*** Supplied data ***
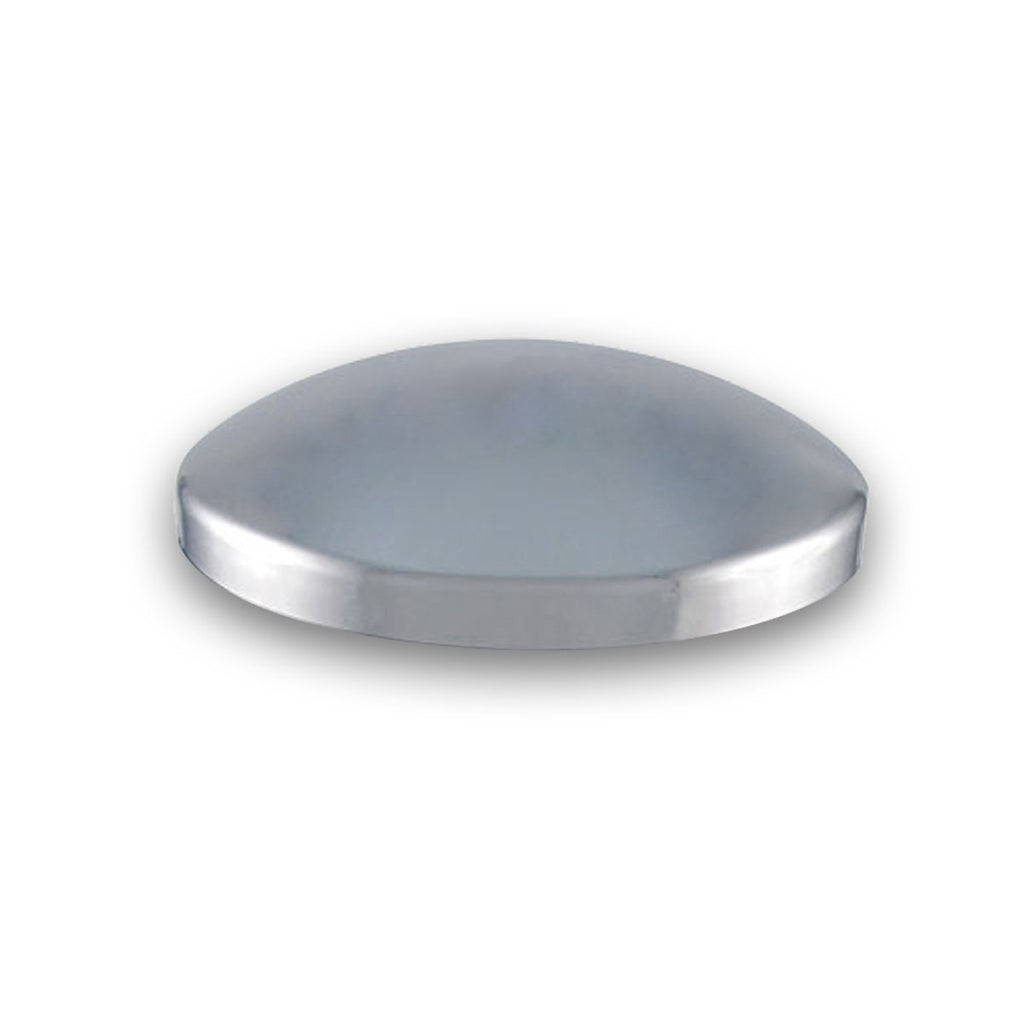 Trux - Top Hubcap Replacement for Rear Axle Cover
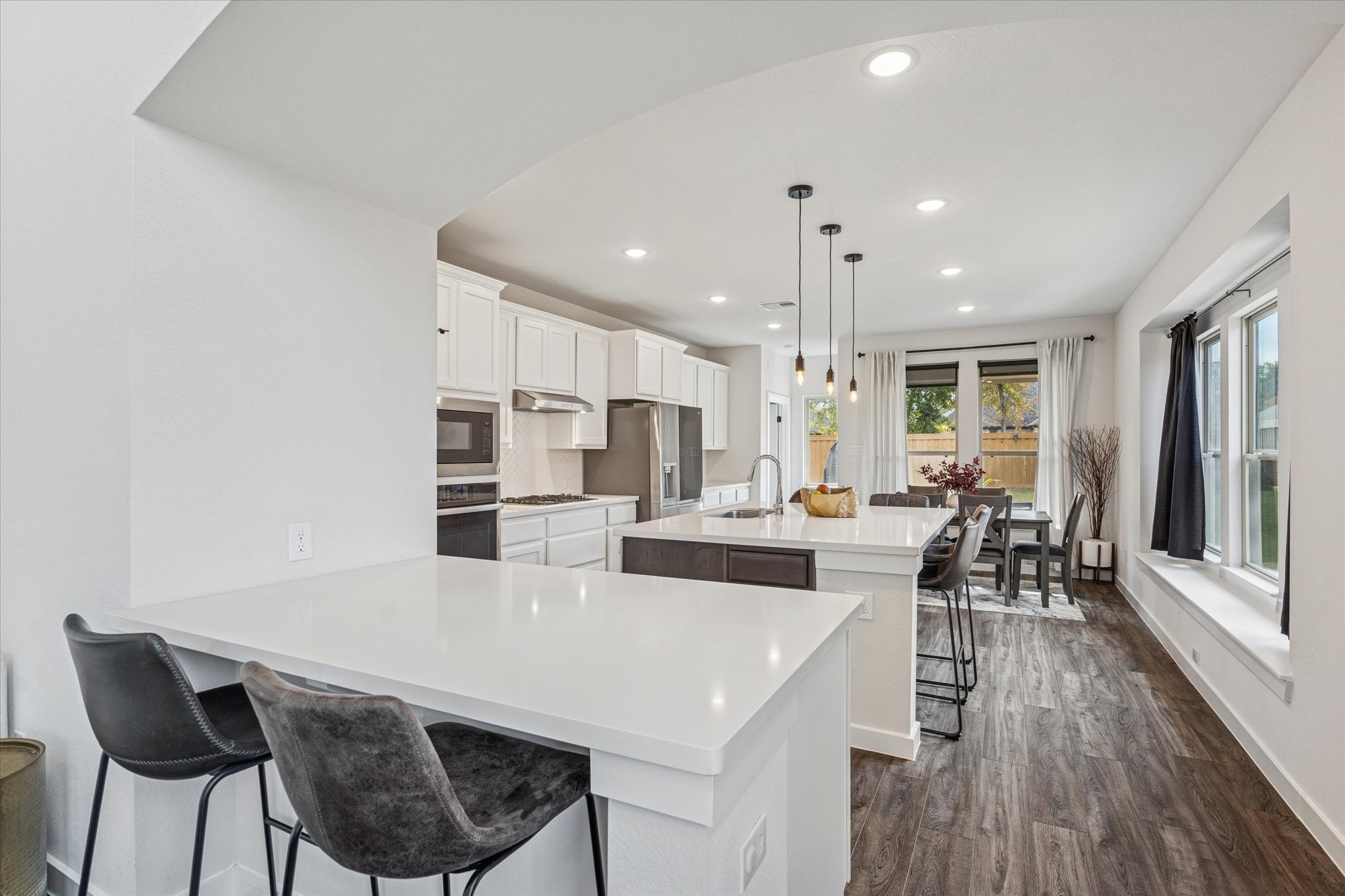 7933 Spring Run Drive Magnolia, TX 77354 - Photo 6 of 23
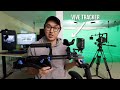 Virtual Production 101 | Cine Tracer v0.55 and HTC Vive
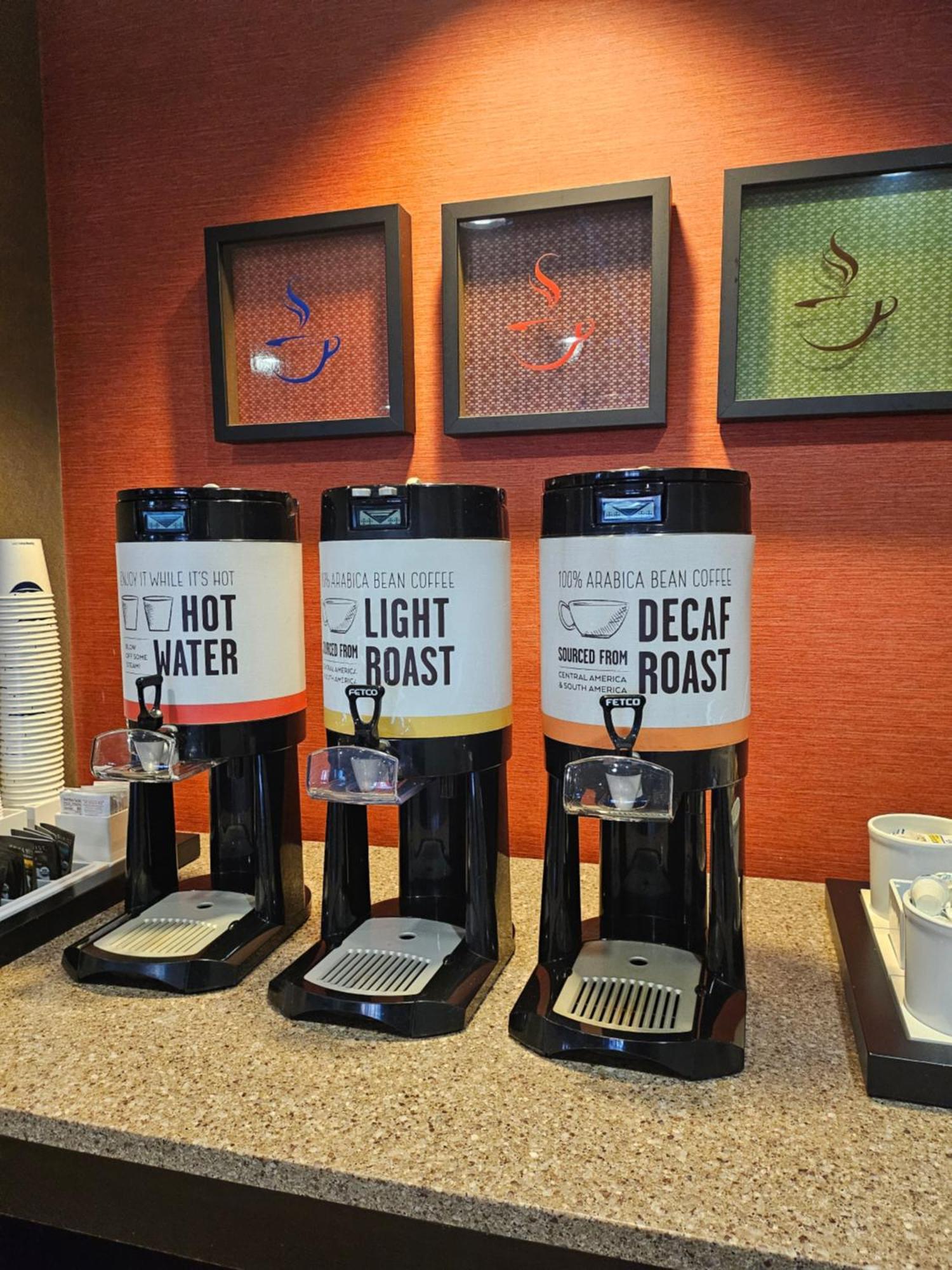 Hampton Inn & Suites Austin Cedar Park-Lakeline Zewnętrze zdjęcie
*** End of Supplied data ***
*** Supplied data ***
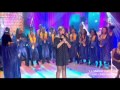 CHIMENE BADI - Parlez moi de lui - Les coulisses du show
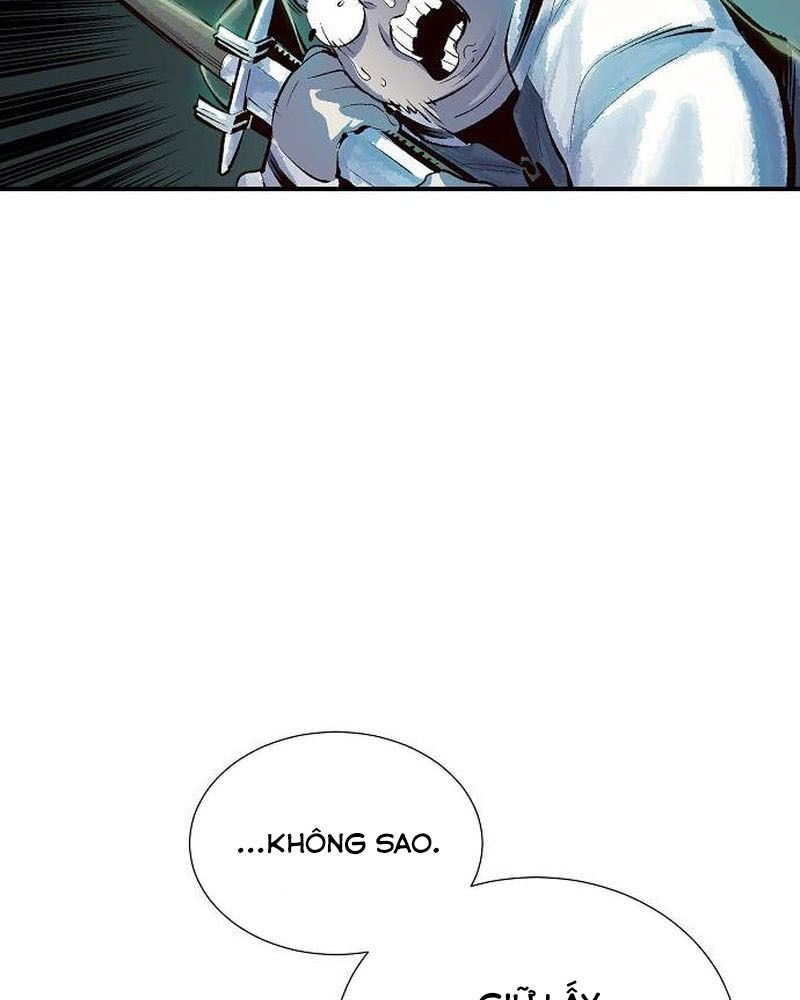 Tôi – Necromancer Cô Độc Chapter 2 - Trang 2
*** End of Supplied data ***
*** Supplied data ***
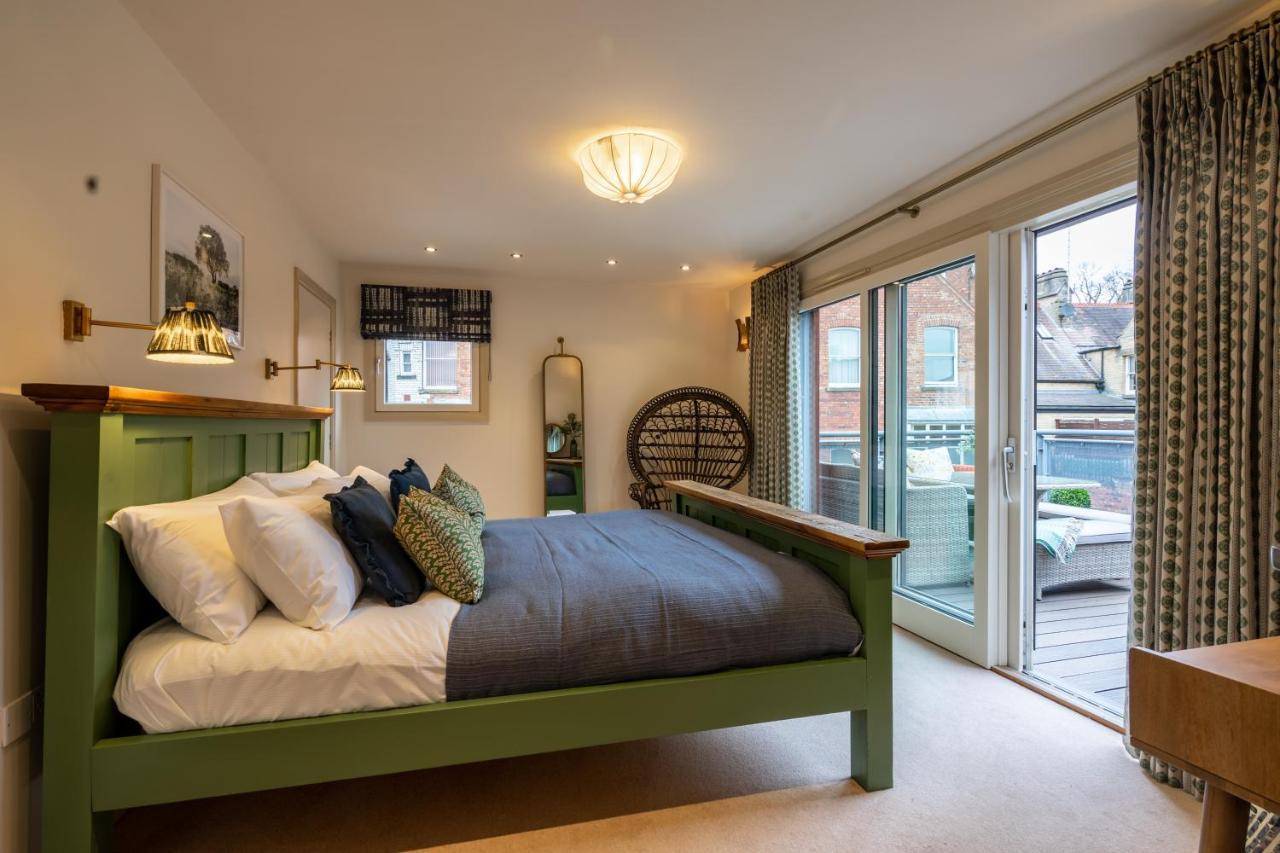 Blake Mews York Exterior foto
*** End of Supplied data ***
About this task —
In the material above, which lines fall between the one holding "Virtual Production 101" and the one holding "Hampton Inn &", inclusive? Print exactly those, with the pictures left out.

Task answer —
 Virtual Production 101 | Cine Tracer v0.55 and HTC Vive
 Hampton Inn & Suites Austin Cedar Park-Lakeline Zewnętrze zdjęcie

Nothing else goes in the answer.